HP3000-L Archives

January 2000, Week 3

HP3000-L@RAVEN.UTC.EDU

Options: Use Monospaced Font
Show Text Part by Default
Show All Mail Headers

Message: [<< First] [< Prev] [Next >] [Last >>]
Topic: [<< First] [< Prev] [Next >] [Last >>]
Author: [<< First] [< Prev] [Next >] [Last >>]

Print Reply
Subject:
From:
Randall Davis <[log in to unmask]>
Reply To:
Randall Davis <[log in to unmask]>
Date:
Sat, 15 Jan 2000 18:58:24 -0700
Content-Type:
multipart/mixed
Parts/Attachments:
text/plain (6 kB) , rdavis.vcf (6 kB)
our 989/250 has also experienced a great number of problems over the past 5
months.  We started out by having problems with socket table overflows.  This was
caused by a combination of MPE bugs and application bugs that combined to cause
the system to "shut down" from a networking perspective.  The only way to recover
was to reboot.  After making changes to the application, we relieved the problem
adequately enough such that a weekly reboot (scheduled) was adequate to prevent
unscheduled problems.  Unfortunately, this relief unmasked the next problem which
was the inbound buffer table filling up.  This problem, again, was a result of
both MPE and application problems.  Fortunately, a simple shutdown/restart of NS
relieved this problem.  Not great, but much preferable to a reboot.  We limped
through our Christmas season with these problems.  HP had identified quite a
number of patches that they felt would relieve the issues, but due to the
seasonality of our business, we couldn't make the changes until after Christmas.
On Dec. 26, I installed power patch 1 (there are all 6.0 issues, by the way), and
11 supplemental patches that HP recommended.  I hoped that my problems were in the
past.  On Jan 4, I crashed, and I have crashed, on average, once per day since
that time.  HP was quick to review the memory dumps, and were quite adamant that
these "new" issues were not as a result of the patches.  Since this is new, and
only started after the patches, I found that difficult to believe, but encouraged
(strongly) HP to continue to pursue a resolution.  On Thursday this week, I was
told that the lab had identified the issue (after 10 days).  On Friday, I was
supplied with a patch.  HP rolled this particular patch into their current NS
related patch (NSTFDM2), and although it had not gone through HP's standard 72
hour regression testing, I installed the patch last night (Friday).  After 24
hours, we have not crashed again... I know that does not sound like much, I'm
encouraged that maybe we've found a stable point.
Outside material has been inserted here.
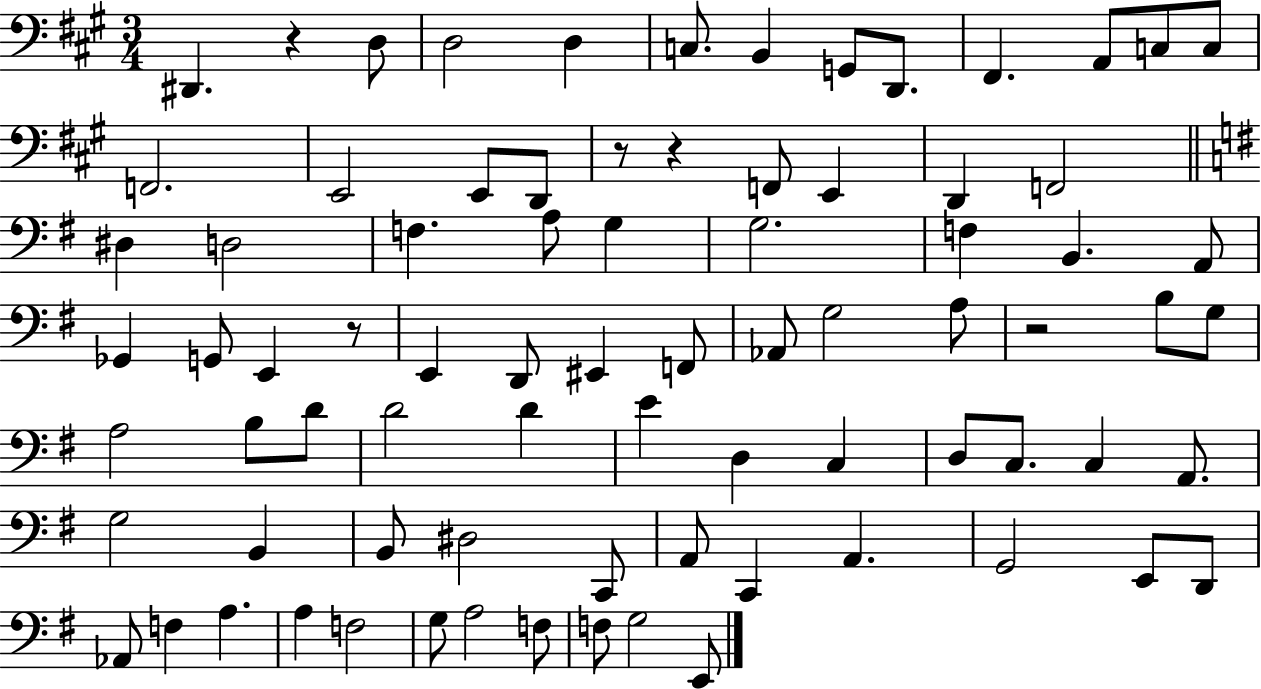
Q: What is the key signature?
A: A major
Okay, my issue does not sound quite like the one described below, but it does
point out that HP does add credence to the thought that HP has some serious
problems on the 989 platform.  In my call with HP yesterday, in response to the
question of "what's different about our environment", HP even eluded to the
potential that new new faster CPU's in the 989 series are exposing some bugs that
previously had not shown themselves.  I also think that 6.0 with it's new BSD
compliant network services are not quite up to previous reliability standards.

Our next problem is one of performance.  Our I/O throughput is not close to what
I've previously experience using older HP disk arrays.  We're using AutoRAID disk
arrays, and have not been very thrilled with the performance.  HP has been very
involved in helping to discover what is going on in this arena as well.  At this
point, I have nothing to report, as we're still in the information gathering
phase.  HP's first thought was that it had to do with the firmware level on our
hardware.  However, after upgrading firmware on both the SCSI cards and the
AutoRAID controllers, we have not seen any significant change.  The thought that
these arrays were contributing to our system stability issues has also been
considered, but do not really believe that's the case at this time.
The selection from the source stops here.